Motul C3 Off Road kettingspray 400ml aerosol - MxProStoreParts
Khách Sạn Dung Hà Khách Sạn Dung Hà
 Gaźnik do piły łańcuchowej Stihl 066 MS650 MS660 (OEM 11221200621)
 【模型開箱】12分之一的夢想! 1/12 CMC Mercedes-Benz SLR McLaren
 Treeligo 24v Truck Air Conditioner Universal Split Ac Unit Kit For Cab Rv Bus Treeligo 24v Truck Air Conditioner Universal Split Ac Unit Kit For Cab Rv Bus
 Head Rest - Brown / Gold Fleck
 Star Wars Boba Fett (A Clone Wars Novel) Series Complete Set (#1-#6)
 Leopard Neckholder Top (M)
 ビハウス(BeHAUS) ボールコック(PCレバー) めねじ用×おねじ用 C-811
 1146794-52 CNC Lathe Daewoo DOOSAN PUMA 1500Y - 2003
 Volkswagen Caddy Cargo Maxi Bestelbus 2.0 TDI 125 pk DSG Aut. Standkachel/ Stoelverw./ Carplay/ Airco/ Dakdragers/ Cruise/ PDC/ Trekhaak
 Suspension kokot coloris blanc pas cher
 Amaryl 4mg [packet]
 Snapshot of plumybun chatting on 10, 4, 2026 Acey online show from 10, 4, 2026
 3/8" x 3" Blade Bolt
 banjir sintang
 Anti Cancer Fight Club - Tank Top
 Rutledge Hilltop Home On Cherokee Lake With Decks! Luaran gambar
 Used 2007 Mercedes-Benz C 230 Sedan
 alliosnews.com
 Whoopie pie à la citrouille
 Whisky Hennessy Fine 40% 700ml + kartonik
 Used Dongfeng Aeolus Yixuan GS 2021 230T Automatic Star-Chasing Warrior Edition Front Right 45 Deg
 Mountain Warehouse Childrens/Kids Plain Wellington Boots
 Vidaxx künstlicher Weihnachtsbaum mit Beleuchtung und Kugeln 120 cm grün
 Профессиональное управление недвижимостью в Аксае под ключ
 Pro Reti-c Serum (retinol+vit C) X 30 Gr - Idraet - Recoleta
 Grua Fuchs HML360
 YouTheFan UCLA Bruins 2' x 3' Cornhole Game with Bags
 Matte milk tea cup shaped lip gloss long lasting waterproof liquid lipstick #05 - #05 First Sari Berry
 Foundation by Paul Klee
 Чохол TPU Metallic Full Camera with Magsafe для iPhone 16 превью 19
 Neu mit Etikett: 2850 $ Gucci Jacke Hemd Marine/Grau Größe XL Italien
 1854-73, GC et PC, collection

# # # # # # #

* **Task**
Exactly reproduce the lines that run from the line with "Профессиональное управление недвижимостью" through the last line of the records, inclusive.

* **Task answer**
 Профессиональное управление недвижимостью в Аксае под ключ
 Pro Reti-c Serum (retinol+vit C) X 30 Gr - Idraet - Recoleta
 Grua Fuchs HML360
 YouTheFan UCLA Bruins 2' x 3' Cornhole Game with Bags
 Matte milk tea cup shaped lip gloss long lasting waterproof liquid lipstick #05 - #05 First Sari Berry
 Foundation by Paul Klee
 Чохол TPU Metallic Full Camera with Magsafe для iPhone 16 превью 19
 Neu mit Etikett: 2850 $ Gucci Jacke Hemd Marine/Grau Größe XL Italien
 1854-73, GC et PC, collection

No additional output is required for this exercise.